"Yes, I do say 'no use', Carrie Turner, so don't be sanctimonious. Geometry and Latin may be all right in an exam-room, but what good are they going to be to me when I'm middle-aged and married?"

"Perhaps you'll never be either!"

"Oh come! Don't consign me to an early grave or perpetual spinsterhood. I think exams are a relic of the barbarous ages, and they ought to be banished, with thumb-screws, and the rack, and all other instruments of torture. I'd like to write to the newspapers about it."

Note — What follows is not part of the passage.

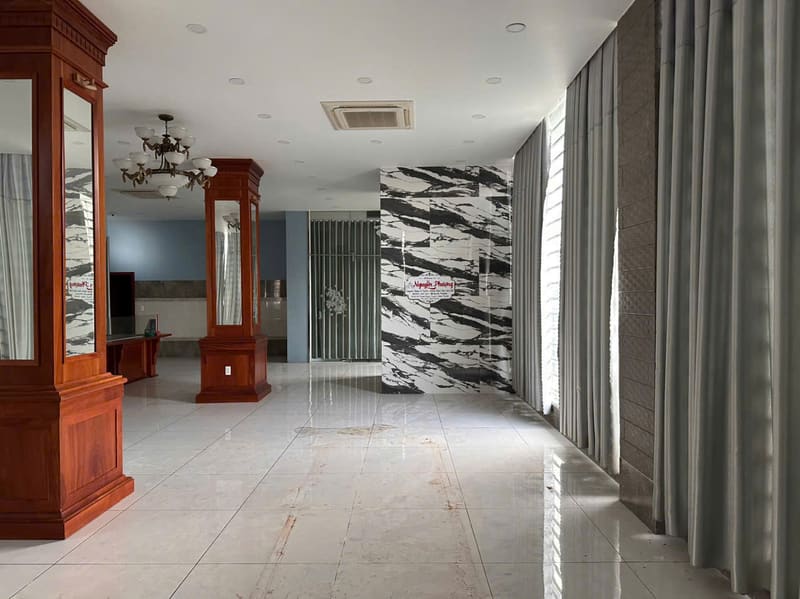 TS680_Bán nhà đất tại Thành phố Thủ Dầu Một, Bình Dương — ảnh 3 trên 6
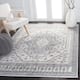 Option Ivory/Grey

The grousing of certain unwilling victims in Va made no difference at all to the examinations, which approached as relentlessly as the car of Juggernaut, and as unfailingly as the seasons. A few favoured brains in the form enjoyed them, but the majority, including Lesbia, heaved sighs of relieved emancipation when the inky ordeal was at last over.

Immensely to her own amazement, Lesbia had scraped through in everything. It was the first time in her school career that she had passed without a single failure. In all honesty she gave the credit to Kitty's and Joan's blazing coaching, but she nevertheless was surprised at her achievement.

"I never thought I could have done it," she acknowledged.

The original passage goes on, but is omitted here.